++++ Material provided

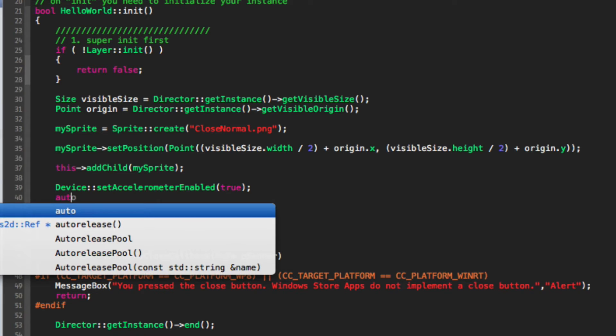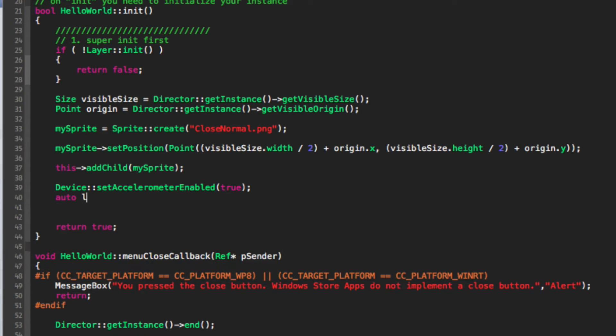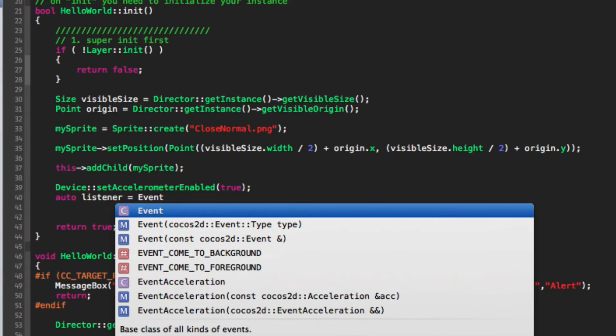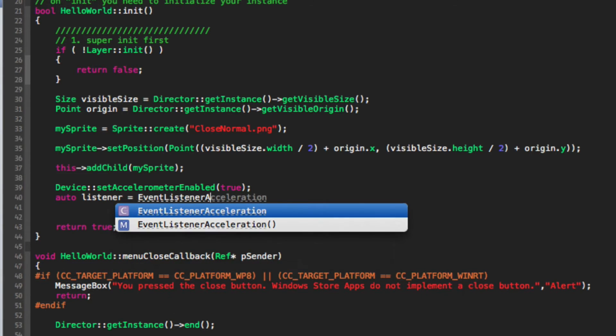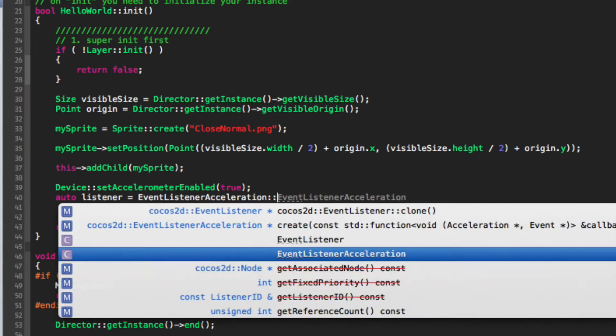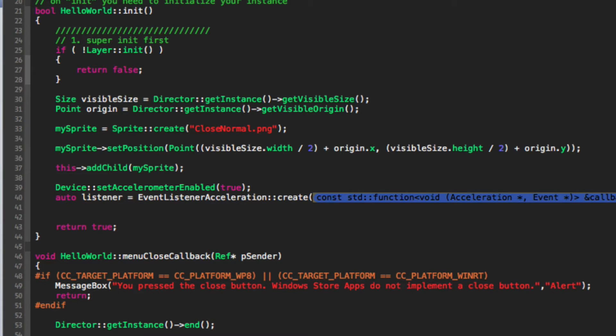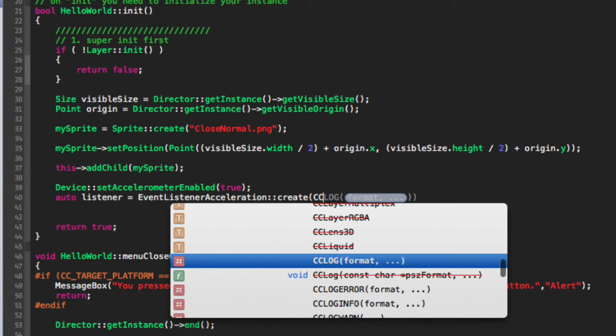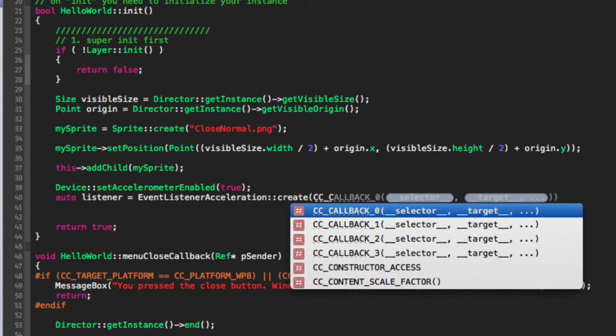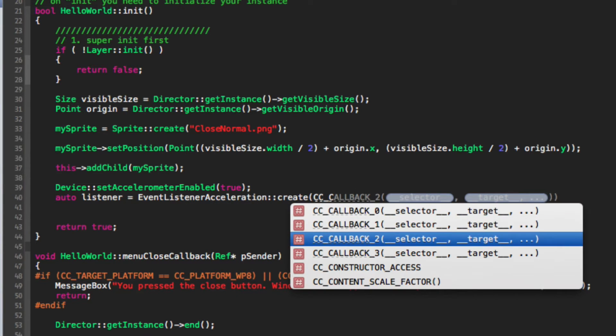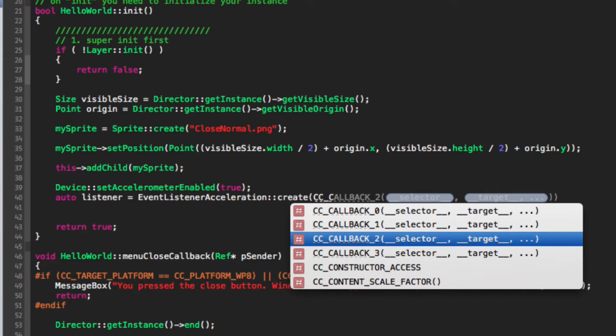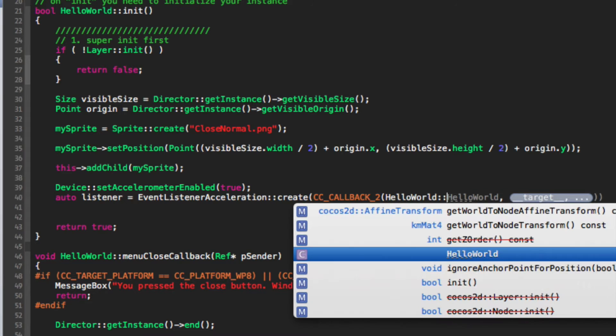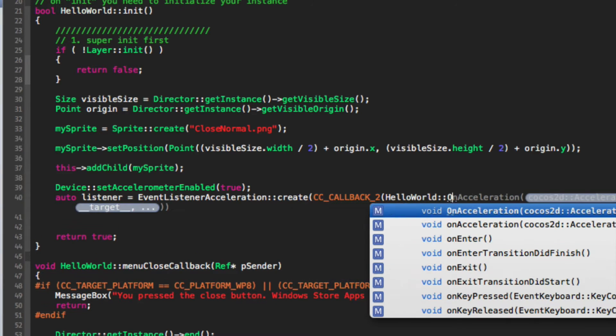We do auto listener = EventListenerAcceleration::create, and in here we simply provide the actual callback. So we do CC_CALLBACK_2, and for the selector we're going to put HelloWorld::onAcceleration.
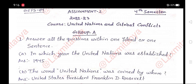A. In which year was the United Nations established? Answer: 1945.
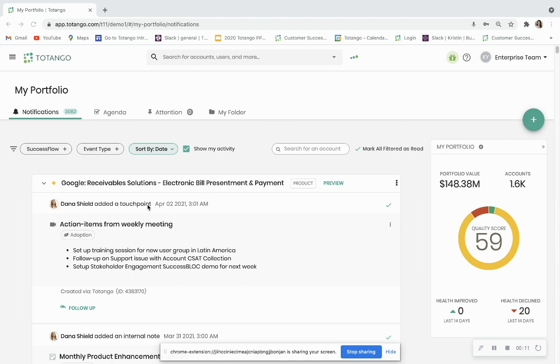Tatango makes it easy to capture all the information from any type of communication with a customer. Just look for that paper icon and start adding your notes.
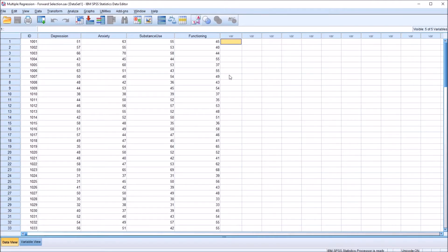Hello, this is Dr. Grande. Welcome to my video on using the forward selection method with a multiple regression in SPSS. If you find this video useful, please like it and subscribe to my channel.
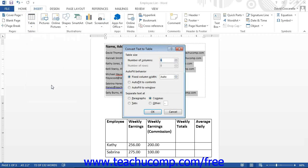This will open the Convert Text to Table dialog box where you can set the behavior of the table that will be created from the text file. In this dialog box, set the number of columns to create from the selected text. Assuming that the text file has been correctly delimited, Word should have this information already set. However, for some delimited files, you may need to enter the number of columns if no character was used to delimit the rows of data.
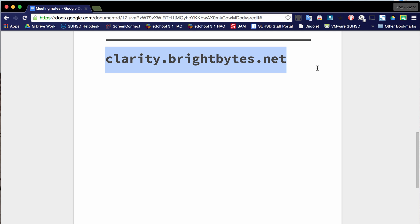Okay, this video is going to take a look at the BrightBytes survey data that we recently completed and you're going to want to first have looked in your inbox, and you might have done this last week when Paul sent an email out that invited you to log in to clarity.brightbytes.net or the website for the survey data.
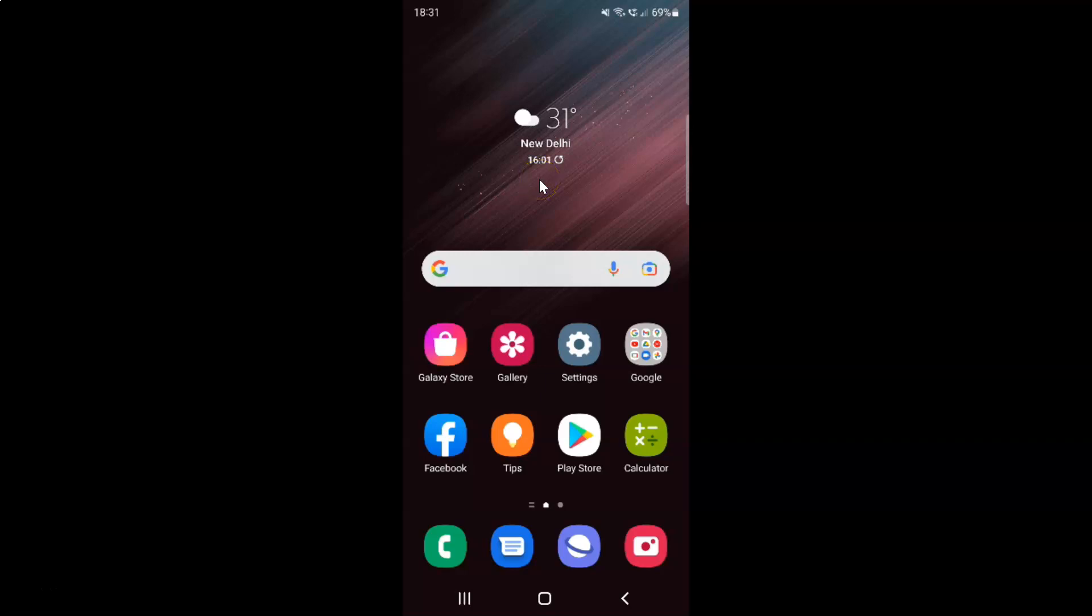Hi guys, in this video I will show you how to enable or disable open links in other apps on Samsung Internet Browser for Android.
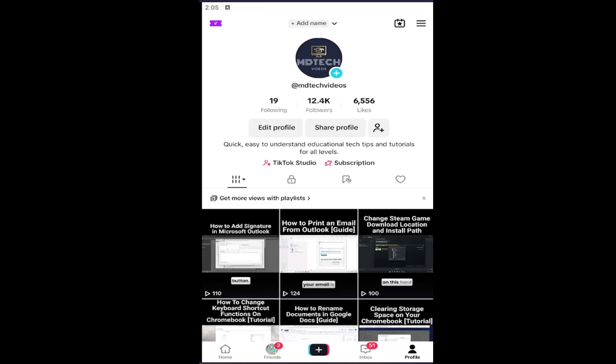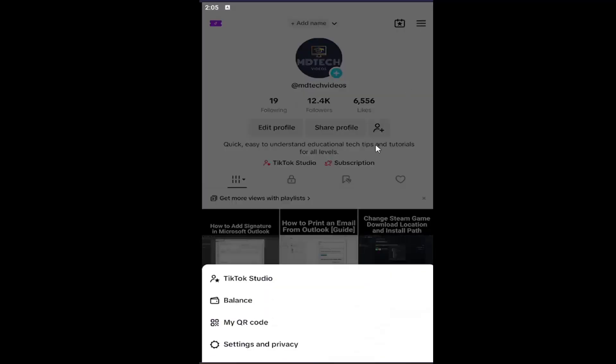And without further ado, let's go ahead and jump right into it. All you have to do is open up the TikTok application, select the profile button in the bottom right corner, then go up and select the hamburger icon in the top right, and then select Settings and Privacy.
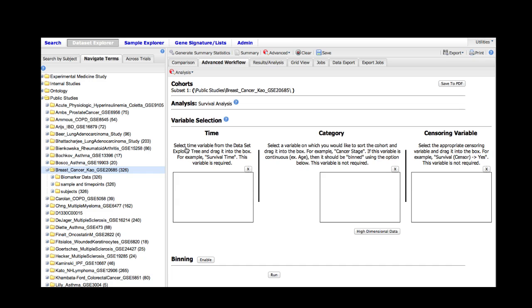The time box is how we specify the time variable for the survival analysis. The category box allows us to sort the data into a variety of categories, and the censoring variable allows us to select the individuals in the study who had the event which corresponds to the appropriate time.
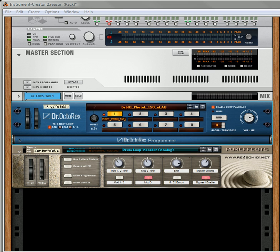Hi there, this is Rob at Reason101.net, and I'm here to showcase a couple more effects from my Pure Effects Refill.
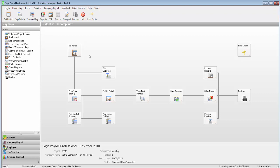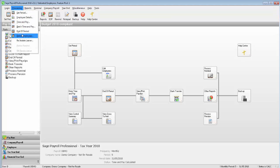Once you've checked your software is on the correct version, you're then ready to edit the Employment ID. To do this, go to Processing, then Employee Details.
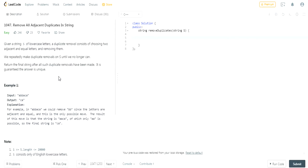What's up guys, my name is Michael and welcome to my YouTube channel. Today we're going to do another LeetCode challenge called 'Remove All Adjacent Duplicates in the String'. Basically you're given a string and you have to remove every adjacent duplicate character in the string.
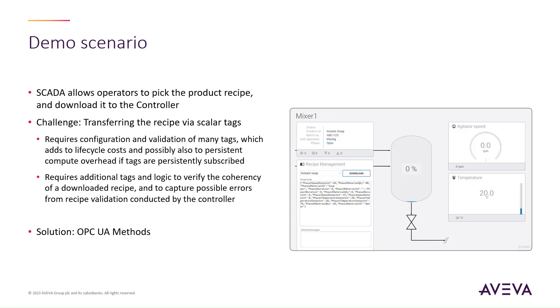This poses a few challenges. First, a recipe may contain quite a few parameters, which means configuring and validating tens, hundreds, or even thousands of tags in case recipes are complex, and if there are many mixing units. This can be a significant undertaking, and may also result in compute overhead in both SCADA and the controller.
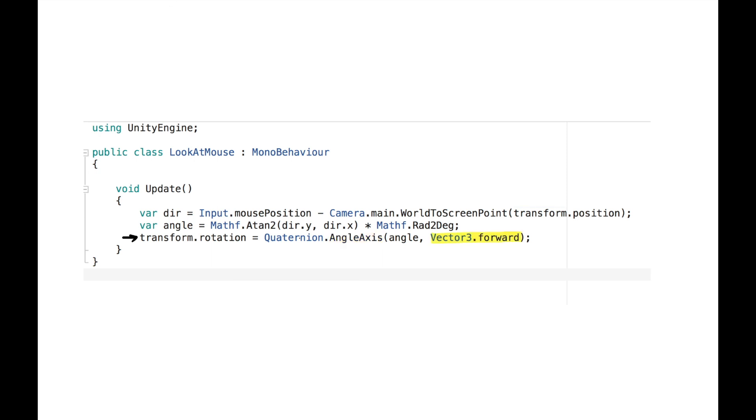Vector3.forward here indicates that I am rotating on the z-axis, since I'll use this script in a top-down 2D game.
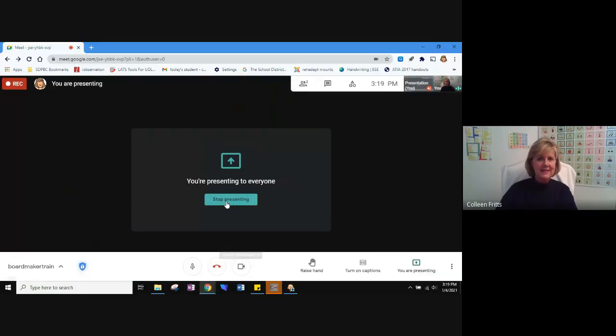So that is how to make a manual or a topical board using Boardmaker software. I hope this helped. Watch for more trainings on Boardmaker. And thank you for your attention. Have a great day.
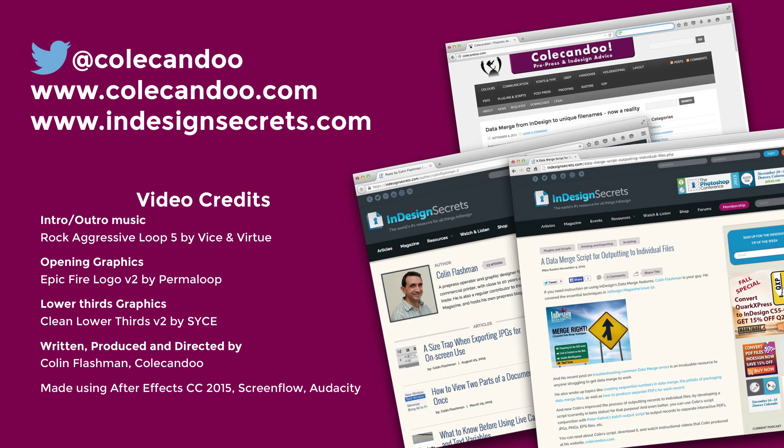That's it for the video. You can get in touch with me via Twitter at ColeCanDo, check out the blog ColeCanDo.com, and see my articles at InDesignSecrets.com, as well as all of the usual terrific content. Until we meet again, I'll see you later.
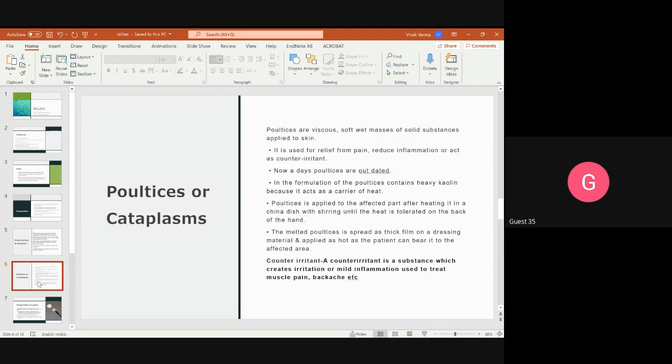Poultices contain heavy kaolin because it acts as a carrier of heat. Heat provides the benefit of warmth — it is said that applying heat to a painful area gives relief. So poultices use heavy kaolin as a heat carrier. Poultices are applied to the affected part. Before application, the poultice is heated, and then it is applied to the affected area so the patient can benefit from the heat.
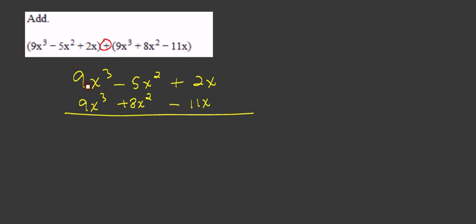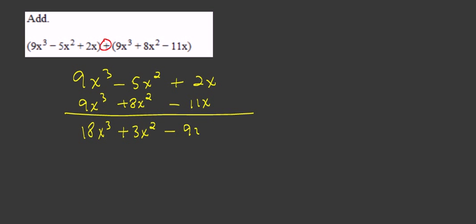Now we just combine like terms. 9x³ and 9x³ is 18x³. Negative 5x² plus 8x² is plus 3x². And 2x minus 11x is minus 9x.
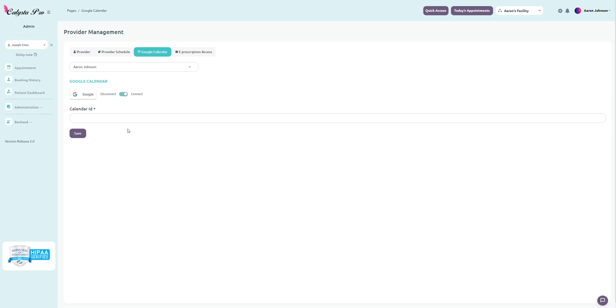All you have to do is make sure this is toggled on to connect. Where it says calendar ID, you just type in the Gmail of the account. After that, you just click save and you should be good to go. This will make the connection so that anytime you create an appointment, it will also appear on your Google Calendar.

++++++++

* _Work task_
Exactly as they appear, please return only the lines from the first line of the records through the line containing "A. In which", both included, leaving out all pictures.

* _Written reply_
We do auto listener = EventListenerAcceleration::create, and in here we simply provide the actual callback. So we do CC_CALLBACK_2, and for the selector we're going to put HelloWorld::onAcceleration.
A. In which year was the United Nations established? Answer: 1945.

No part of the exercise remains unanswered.